Without power, there can be no planning, and without planning, there can be no vision.
Robert Moses - New York City Planning Commissioner
The Localism Bill will shift power from the central state back into the hands of individuals,
communities and councils. It will empower local people giving them more power over local
Eric Pickles - Secretary of State for Communities and Local Government 2010-2015

Those levels of housebuilding have not been seen since the New Towns programme of the 1960’s when the State played a much more active role in delivering both housing and employment.

Localism has dissipated, rather than handed power to 317 different local authorities. They are trying their best to come up with their version of a growth strategy and then try to agree it with their neighbours. 

This is not sustainable. Most people may not object to more housing and employment, but they will not expressly vote for it. Those who oppose will turn up and vote against it. Local politics are not localism’s ‘Big Society’ – a single district cannot determine how much growth is in the regional or national interest. 

A culture of lower growth targets now jars with an unobtainable target of 300,000 homes per year. National policy is deliberately opaque as the Government balances local objections with its obligations to house its populace and create wealth. This is why so many Local Plans fail or struggle through the system, caught in a contradictory web of regulation and policy tests. Do not underestimate the direct and indirect costs this flawed plan-making is imposing on the economy. 

The Government has tried to stimulate bottom-up strategic planning through Duty to Cooperate, City Deal and Garden Communities, but these are clunky and complex and less likely to work the more pressurised an area is. The collapse of the Joint Spatial Strategy in Oxfordshire is a case in point: we now have an important City region unable to agree its development needs.

This is why the Government has always reached for workarounds to its flagship programmes. Right from the foundation of the modern planning system in the 1940s, the Government immediately awarded sweeping planning powers to New Town Commissions, before passing the baton on to Urban Development Corporations and even the Olympic Delivery Authority. Some issues are just too important and too strategic to be left to the Big Society and voluntarism.

Without the right number of homes in the right location, a lack of labour means we are not powering the economy. Economic potential is already underestimated by a planning system that uses the rear-view mirror to predict employment trends. This is not helpful in the face of fast-moving new technologies such as AI, life sciences, renewable energy and transformation in logistics in response to rapidly changing consumer behaviour.
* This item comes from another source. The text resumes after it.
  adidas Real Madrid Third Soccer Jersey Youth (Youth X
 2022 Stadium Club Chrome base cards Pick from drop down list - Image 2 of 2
There is a power imbalance that needs correcting because now that power has dissipated, there is no coherent vision for national productivity. So what can be done?

First, let’s stop talking about the ‘bonfire of the regulations’. This is very tempting, but many support regulation and mitigation, particularly in the era of ecological and climate crisis. Simplification and standardisation should be pursued more vigorously (national policies are a welcome innovation), but this is a tactical response, not a strategic one. We need to unlock land supply in order to reduce the cost of planning and open up more housing choice and economic opportunity. 
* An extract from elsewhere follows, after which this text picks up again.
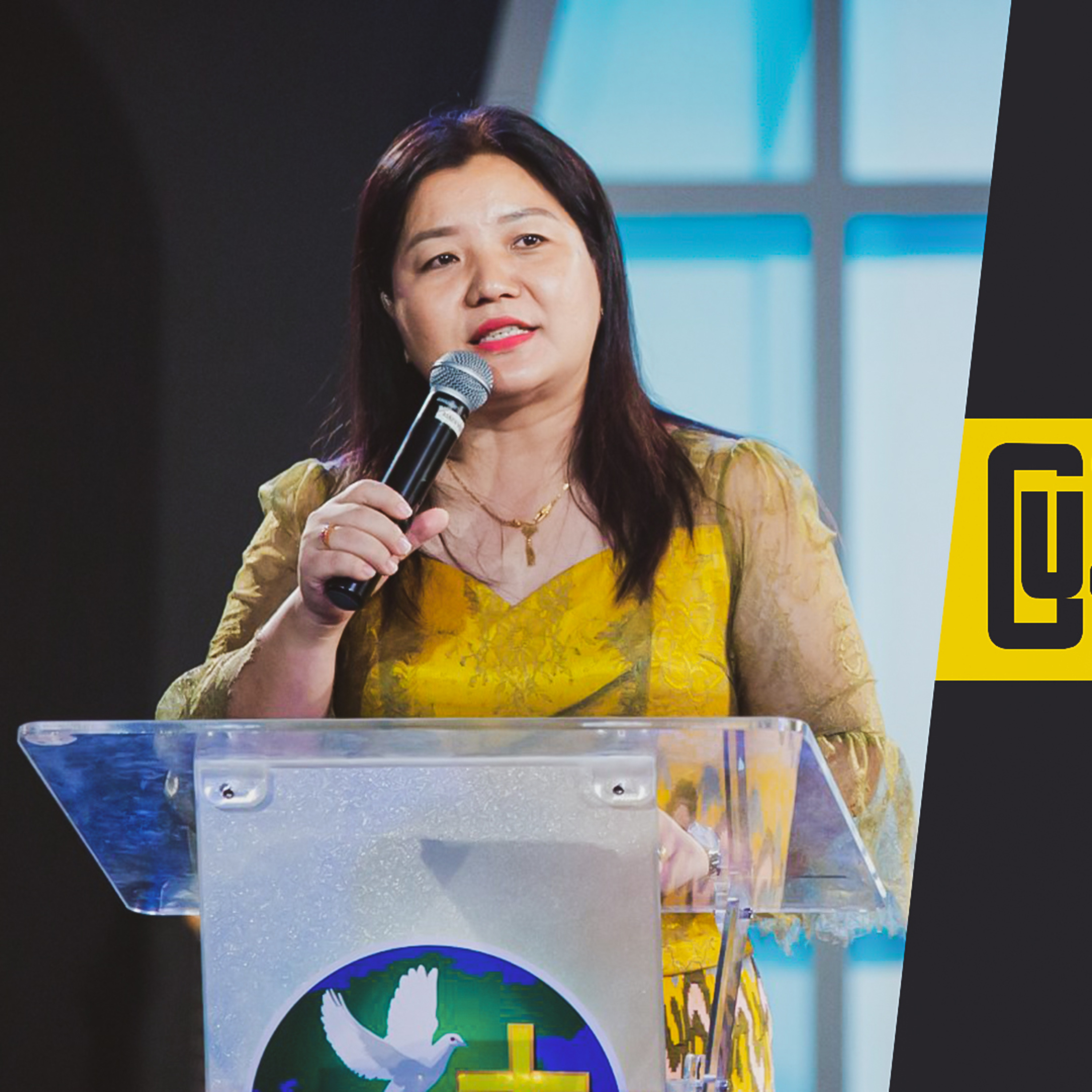ပြန်ပေးသော ဘုရား | Rev. Ruth Khawm | Sunday 3PM Sermon | July 10, 2022 episode artwork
For now, let’s stop asking local communities to reverse-engineer our national productivity strategy and link power to responsibility. Let’s marry these reforms with another ambitious state-led New Towns Programme: the only time we came close to meeting the Government’s target for housebuilding.

Three strategic reforms are needed:

1. A strategy for national productivity agreed at the national level. Strategic economic and housing targets should be determined nationally as they are too important to be left to chance. The content or direction of such strategies need to be set out in political manifestos to make the debate more transparent so it does not play out across 317 Examinations in Public. This will address the ‘democratic deficit’ that has beset strategic planning in the past. Solving regional inequalities, 
infrastructure needs and energy planning all need to be part of this national spatial plan. 

2. To receive national direction and strategies, we need a new network of larger authorities. Cities and their regions are increasingly shaping our society and commerce. They are large enough to handle 21st century complexity. Plans for new Mayoral and Combined Authorities are welcome, but this reform has to be systemised.

3. Finally, local authority allocations, infrastructure funding, affordable housing and S106 contributions must be reformed so there is a clearer and more express link between new development and local communities. The social and moral value of opportunity provided by new development has to be front and centre of the productivity debate if we are to ask communities to step up and meet their future needs.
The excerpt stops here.